:: WHAT IS REQUIRED ::
Look below for the line with "Serenya | Σετ Άνεσης χωρίς Κόπο" and the line with "17 Upper Bourke". Copy exactly those two lines and every line between, but not the pictures.

:: STORED DATA ::
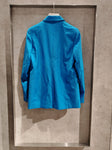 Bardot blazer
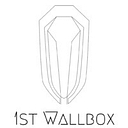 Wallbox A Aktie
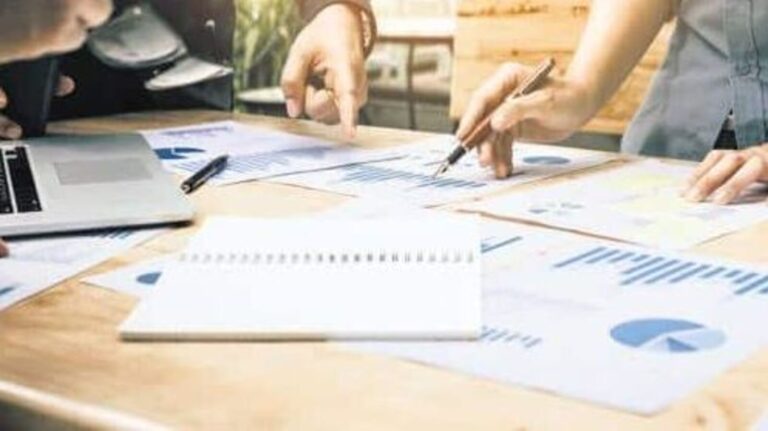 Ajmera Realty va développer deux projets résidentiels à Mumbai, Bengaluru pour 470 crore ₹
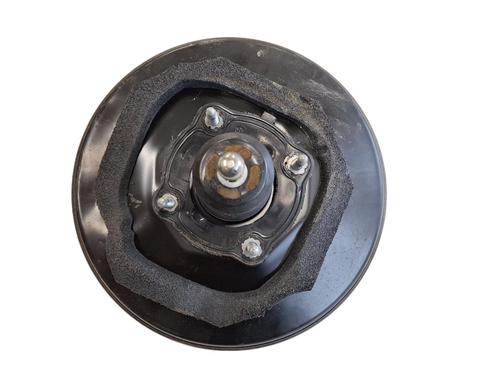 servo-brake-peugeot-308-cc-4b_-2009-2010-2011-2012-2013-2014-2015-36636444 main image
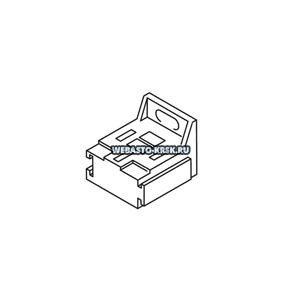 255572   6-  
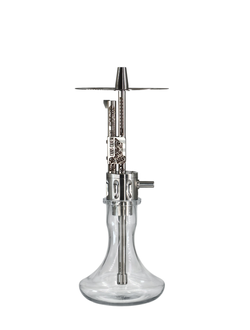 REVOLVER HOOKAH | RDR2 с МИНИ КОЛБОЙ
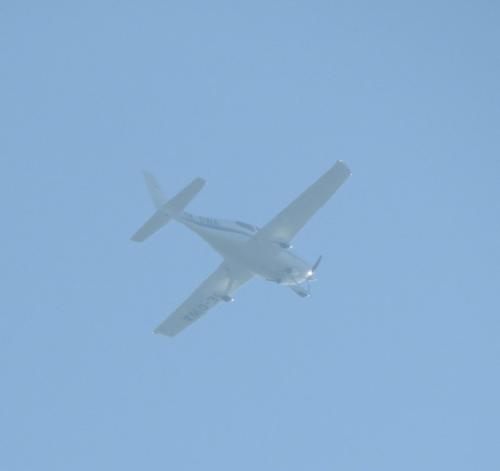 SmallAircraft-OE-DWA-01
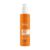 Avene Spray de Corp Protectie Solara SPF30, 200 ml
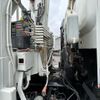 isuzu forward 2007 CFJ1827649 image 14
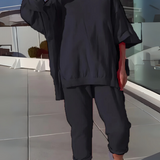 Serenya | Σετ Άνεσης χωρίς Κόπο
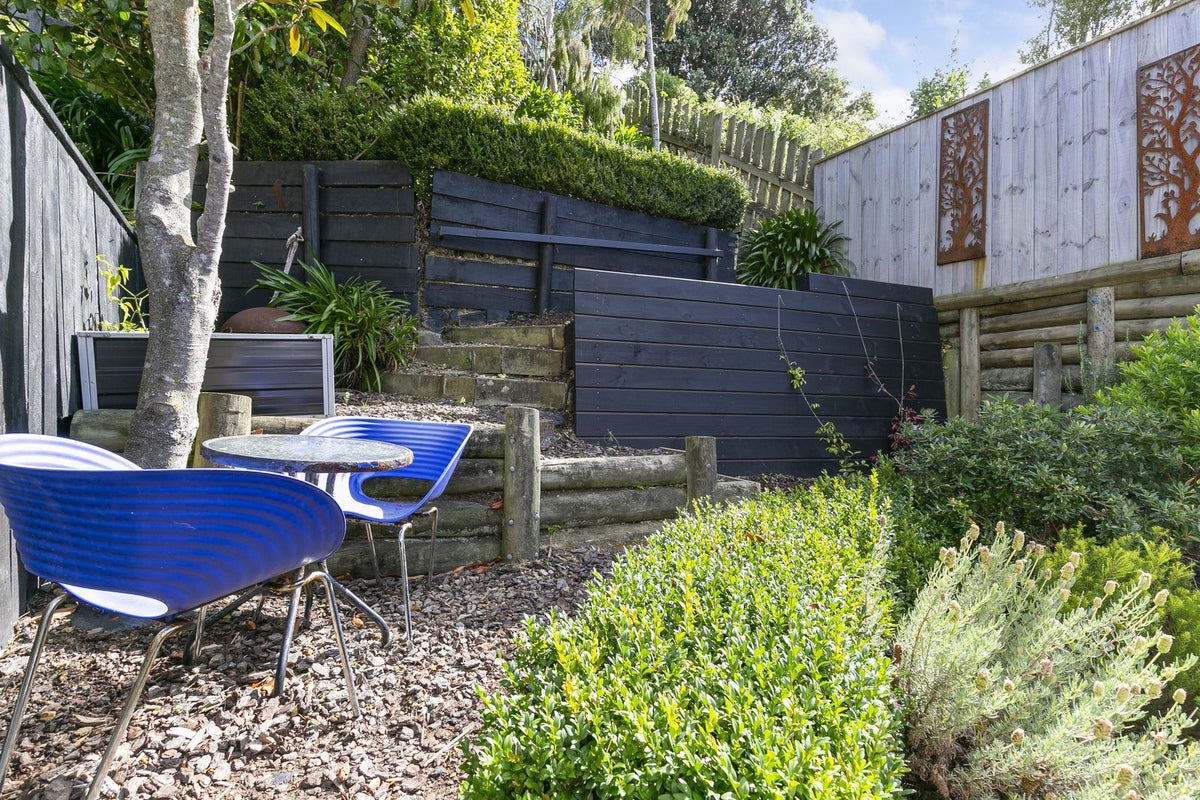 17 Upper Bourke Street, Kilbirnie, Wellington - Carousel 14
==
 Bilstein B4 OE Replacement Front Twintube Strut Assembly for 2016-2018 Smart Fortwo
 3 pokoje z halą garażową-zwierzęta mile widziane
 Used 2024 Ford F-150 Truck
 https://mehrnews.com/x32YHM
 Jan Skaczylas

:: THE ANSWER ::
 Serenya | Σετ Άνεσης χωρίς Κόπο
 17 Upper Bourke Street, Kilbirnie, Wellington - Carousel 14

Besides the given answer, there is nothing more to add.